The Corner

The Joy of Man’s Desiring

The heart of man is religious, groaning in expectation of the revelation of his true nature even as he struggles with the World — “World” understood as the realm of sin and delusion (this is the “world” of which people speak, when they refer to the devil as “the prince of this world”).

The destiny of man is to realize intimacy with the divine – with the ultimate truth of the source of his very being. The universality of this longing is demonstrated by the fact that very different cultures express it with similar metaphors. I just came across the way the 13th-century Chinese Buddhist master Wumen Huikai expressed this realization:

A thunderclap under the clear blue sky

All beings on earth open their eyes;

Everything under heaven bows together;

Mount Sumeru leaps up and dances.

To those of us who grew up in the Western religious tradition, the echo is unmistakable:

The voice of the Lord breaks the cedars;

    the Lord breaks in pieces the cedars of Lebanon.

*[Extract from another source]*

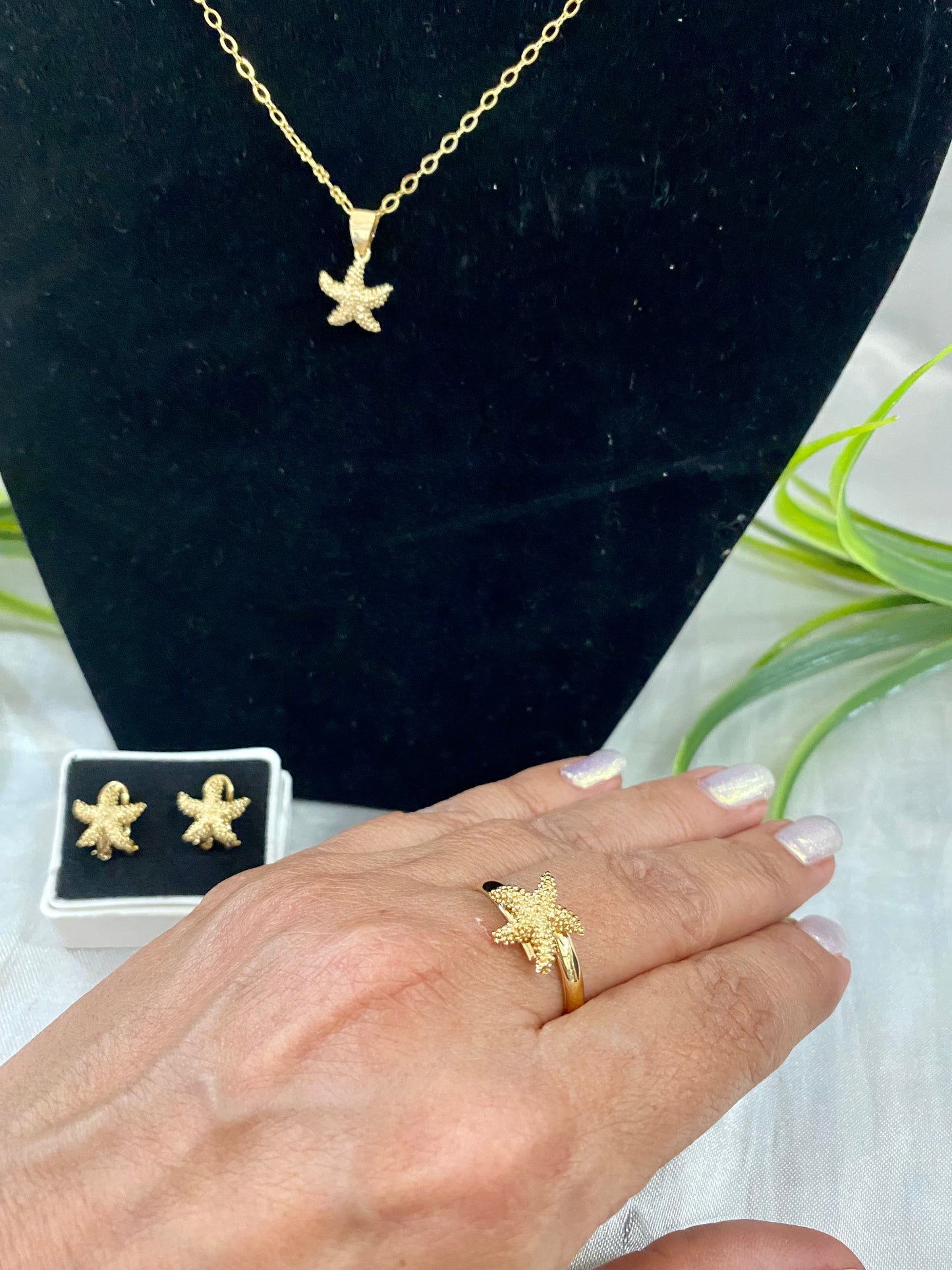 Juego Estrella de Mar mini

 He makes Lebanon leap like a calf,

    Sirion like a young wild ox.

That’s from Psalm 29 (NIV trans.), King David’s celebration of the divine majesty. “Sirion” is another name for Mount Hermon; David is saying that Mts. Lebanon (in Lebanon) and Hermon (on the Lebanon-Syria border) will leap in the same fashion as Mt. Sumeru (the Buddhist world-mountain). The heart of man, wherever he is, has the same deepest longing; it should be no surprise that his religious poets sometimes reach for the same words to express it.